India is witnessing a historic shift in its energy sourcing strategy, with liquefied petroleum gas (LPG) imports from the United States projected to surpass 1 million metric tonnes in June. This surge comes as geopolitical tensions in the Middle East and disruptions in the Strait of Hormuz force New Delhi to seek more expensive, reliable alternatives to ensure domestic cooking gas security.

A Strategic Pivot from the Middle East

For years, India maintained a heavy reliance on Middle Eastern producers, who historically accounted for approximately 90% of the country's LPG imports. With monthly imports averaging around 2 million tonnes, any instability in the Strait of Hormuz poses a significant risk to India's energy security. Following the US-Israel-Iran conflict escalations, LPG imports saw a sharp dip to 696,000 tonnes in April.

To stabilize the supply chain, Indian refiners have aggressively moved toward the US market. While India had previously aimed to increase US LPG purchases to roughly 10% of its total imports to rebalance trade ties with Washington, the current regional uncertainty has accelerated this transition. In May, imports from the US reached 648,300 tonnes, a massive jump compared to just 134,700 tonnes from the UAE during the same period.

Managing Costs and Ensuring Household Supply

The shift toward US-sourced LPG is not without its financial challenges. Trade sources indicate that Indian refiners have been buying unprecedented volumes from the US despite facing higher spot market premiums. The government's primary directive has been to prioritize uninterrupted cooking gas supplies to households over cost optimization.

To mitigate the impact of higher import costs and supply volatility, the Indian government has implemented a multi-pronged approach:

  • Increased Domestic Production: Refiners have been asked to maximize domestic LPG production.
  • Sales Prioritization: Household LPG sales have been given top priority in the distribution chain.
  • Infrastructure Expansion: The government is accelerating the expansion of piped natural gas (PNG) connections, a move expected to reduce LPG consumption by 15% to 20%.

The Evolving Import Landscape for June

As of June, the import profile shows a significant diversification. Preliminary data suggests India is scheduled to import approximately 1.07 million tonnes of LPG from the United States. Other key contributors for the month include 223,800 tonnes from the UAE, 116,200 tonnes from Iran, and 108,600 tonnes from Kuwait.

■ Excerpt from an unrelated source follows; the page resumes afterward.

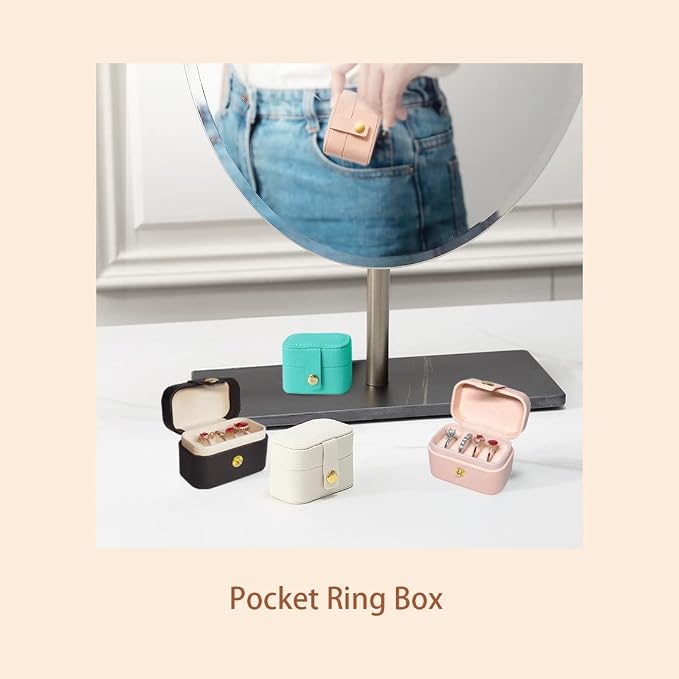Travel Jewelry Ring Case,Small Jewelry Ring Box,Ring Holder,Mini Jewelry Case Portable Storage Case, for Women Girls, for Travel,Business,Wedding,Bridesmaid Gift (Black) - Image 6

While the US remains the primary alternative, traditional suppliers are beginning to show signs of recovery. The UAE is expected to supply between 300,000 and 400,000 tonnes in June, often offering cargoes at premiums of approximately $100 per tonne above Saudi Contract Prices. As the Strait of Hormuz partially reopens, a gradual return of Middle Eastern supplies may eventually help ease prices and reduce the reliance on high-cost US spot purchases.

Key Takeaways

  • Record US Imports: India's LPG imports from the US are set to exceed 1 million tonnes in June, marking a major shift in sourcing patterns.
  • Geopolitical Drivers: Disruptions in the Middle East and the Strait of Hormuz have forced India to pivot from its traditional 90% reliance on Middle Eastern suppliers.
  • Mitigation Strategies: To manage supply risks, India is prioritizing household sales, boosting domestic production, and expanding piped natural gas networks to reduce LPG demand by up to 20%.